##### Data segment #####
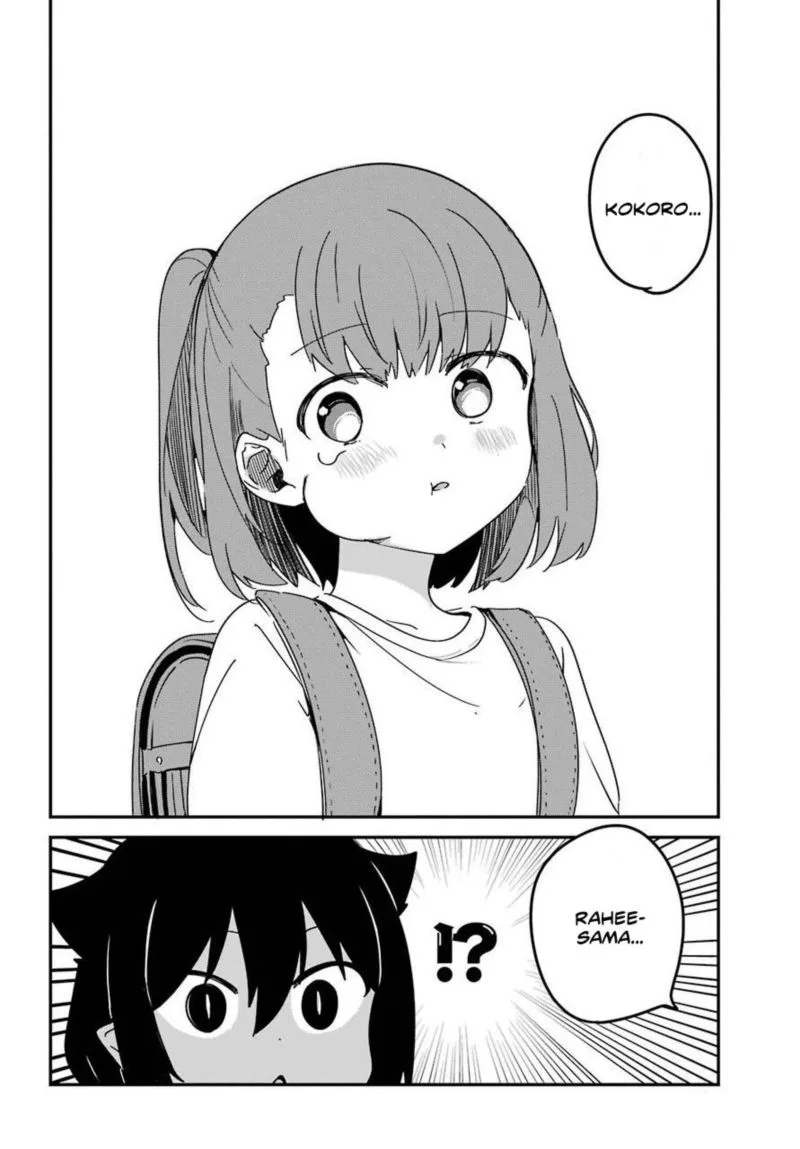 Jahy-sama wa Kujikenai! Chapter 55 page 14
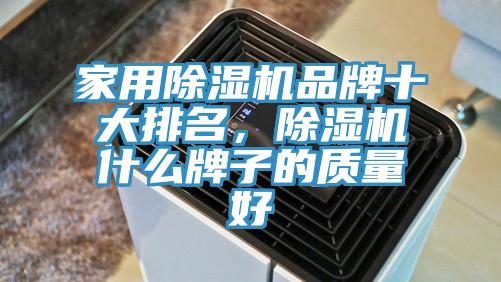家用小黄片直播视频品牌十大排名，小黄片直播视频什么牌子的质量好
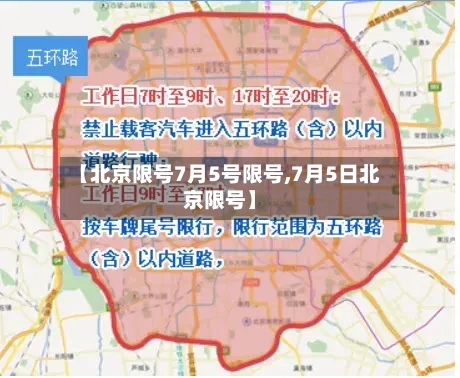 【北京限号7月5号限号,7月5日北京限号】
#####
What this task involves:
Your copy must repeat the data word for word and show none of its images.

The completed task:
 Jahy-sama wa Kujikenai! Chapter 55 page 14
家用小黄片直播视频品牌十大排名，小黄片直播视频什么牌子的质量好
 【北京限号7月5号限号,7月5日北京限号】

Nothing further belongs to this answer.